Phrase grounding data
:::

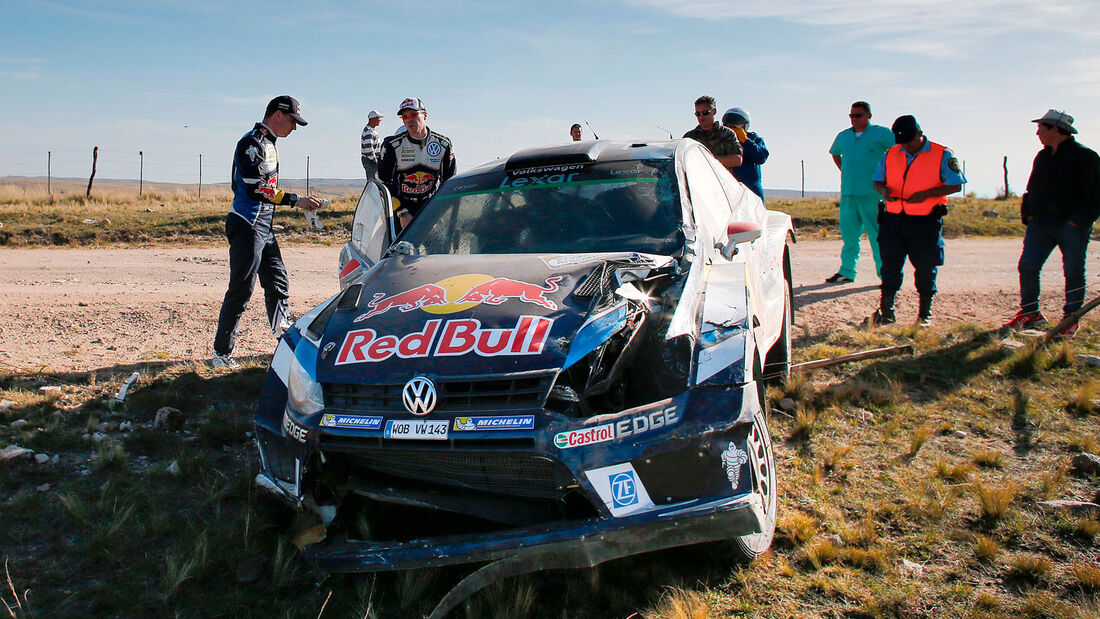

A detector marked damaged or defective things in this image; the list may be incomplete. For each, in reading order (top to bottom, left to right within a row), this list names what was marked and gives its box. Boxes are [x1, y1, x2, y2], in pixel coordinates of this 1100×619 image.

shattered windshield [402, 162, 684, 256]
crumpled hood [314, 252, 624, 382]
crashed rally car [256, 138, 796, 592]
damaged front bumper [300, 492, 768, 572]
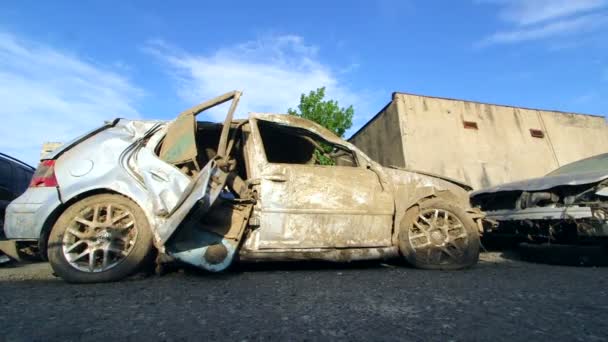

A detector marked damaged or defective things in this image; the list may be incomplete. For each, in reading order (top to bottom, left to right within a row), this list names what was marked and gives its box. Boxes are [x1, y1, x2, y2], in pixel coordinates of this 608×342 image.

dented car body panel [3, 91, 480, 272]
wrecked silver car [2, 91, 482, 284]
damaged white car [2, 91, 482, 284]
wrecked silver car [472, 154, 608, 244]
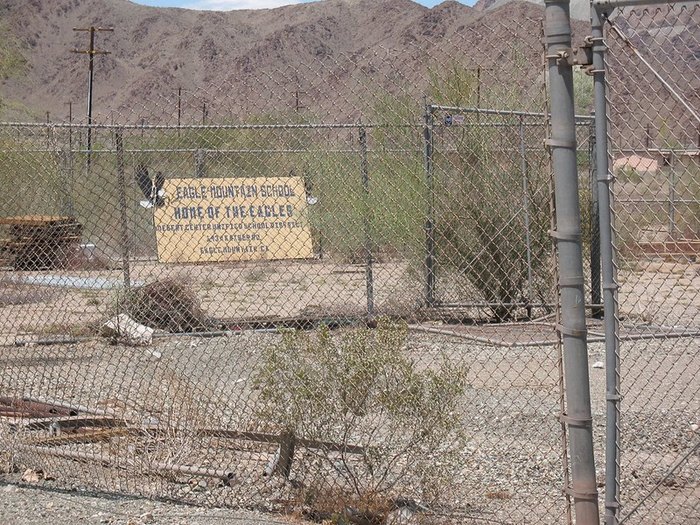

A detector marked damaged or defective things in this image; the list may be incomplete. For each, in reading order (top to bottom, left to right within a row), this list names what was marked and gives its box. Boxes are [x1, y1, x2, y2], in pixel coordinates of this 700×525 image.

rusty metal pole [544, 2, 600, 520]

:::

Copy out every line of the data exactly, leaving the images behind.

● **Solution to this problem**:
A detector marked damaged or defective things in this image; the list may be incomplete. For each, in reading order (top to bottom, left to right within a row), this list names what was marked and gives its box. Boxes are [x1, y1, x2, y2], in pixel coordinates of this 1100×619 image.

shattered windshield [402, 162, 684, 256]
crumpled hood [314, 252, 624, 382]
crashed rally car [256, 138, 796, 592]
damaged front bumper [300, 492, 768, 572]

A detector marked damaged or defective things in this image; the list may be incomplete. For each, in reading order (top to bottom, left to right within a row), this list names what was marked and gives its box. Boxes are [x1, y1, x2, y2], in pixel coordinates of this 608×342 image.

dented car body panel [3, 91, 480, 272]
wrecked silver car [2, 91, 482, 284]
damaged white car [2, 91, 482, 284]
wrecked silver car [472, 154, 608, 244]

A detector marked damaged or defective things in this image; the list may be incomplete. For each, in reading order (top to bottom, left to right within a row), this list names what was marked and gives its box. Boxes are [x1, y1, x2, y2], in pixel coordinates of this 700×525 image.

rusty metal pole [544, 2, 600, 520]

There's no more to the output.